Reviews, Commentary and Opinions on Midwest Craft Beer and Microbreweries


Beer Reviews

Alpha King

Three Floyds Brewing Co.
Munster, IN

Style: American Pale Ale
ABV: 6.0%

Eddie’s Rating:
one beerone beerone beerone beerone beer   (World class.)

I guess you could call this review a little overdue.

After all, this is the flagship brew of what I have called, for two years running, the best brewery in the Midwest, a beer that has had a hand in creating the movement of ultra-hoppy brews not only in the Midwest but across the world.

Plus, I ran down to Munster just to confront those wacky geniuses how they get off calling this beer, hoppier than a lot of IPAs out there, a mere pale ale.

So what’s the deal? Why has it taken me so long to write a review?

Because I’m fucking lazy.

The impetus to get my lazy ass to finally codify my opinions on this now classic brew came one night while out with some acquaintances at a bar whose beer selection was not what I would call “stellar.” It wasn’t complete crap, since it did list Sierra Nevada’s nearly ubiquitous Pale Ale. But after I sucked down a few of those I was getting sick of the monotonous onslaught of Cascade hops, as well as the company of my acquaintances. So I ditched bar, beer, and acquaintances all to head to a nearby bar that I knew had a better selection of suds. I found an open stool in front of the taps (I’m lucky that way) and immediately ordered the draft in front of me: Three Floyds Alpha King. Upon giving it a sip—after a long night of Sierra Nevada—I realized with a shock of renewal how truly great this beer is.

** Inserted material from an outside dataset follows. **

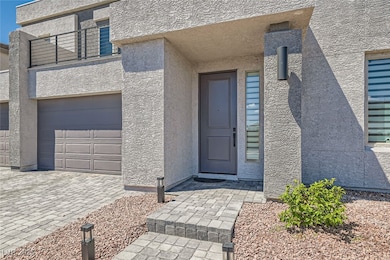 Property entrance with stucco siding and a garage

First off, this beer pours like any authentic pale ale should: a hazy light amber/deep gold. The head’s slightly off-white, pillowy, finely bubbled, and super sticky. The aroma of hops verily radiates off the top of the glass: sharp, piney notes on top with some citric fruitiness underneath. Although not a hint of malt is in the nose, the palate is much more balanced. Woodsy bitterness gives way to a lode of dry, biscuit-like malt. The end is pure, clean bitterness, tangy, almost sweet.

Comparing this to Sierra Nevada, the quintessential American pale ale, is almost unfair. The malt balance is more pronounced, the Centennial hops kick the fruity bitterness to another level, and the Warrior hops just slice the end of the sip off like a razor blade, with a refreshing, amazingly clean finish. The Alpha King got it’s rep for being a hop monster, but once you’re able to sift through the wall of bitterness and discover the layers of flavor nuances, you’ll see that it runs circles around not only Sierra Nevada but virtually any other pale ale, American or otherwise, on the market.

Admittedly, this beer is not for the weak-kneed when it comes to—sometimes harsh—bitterness. So for folks who normally cry and bitch and moan about hoppy beers, run away and don’t come back until you’ve gotten rid of your hop diapers. But for the initiated, the Alpha King is damn near heaven.

Reviewed by Eddie Glick on March 13, 2008.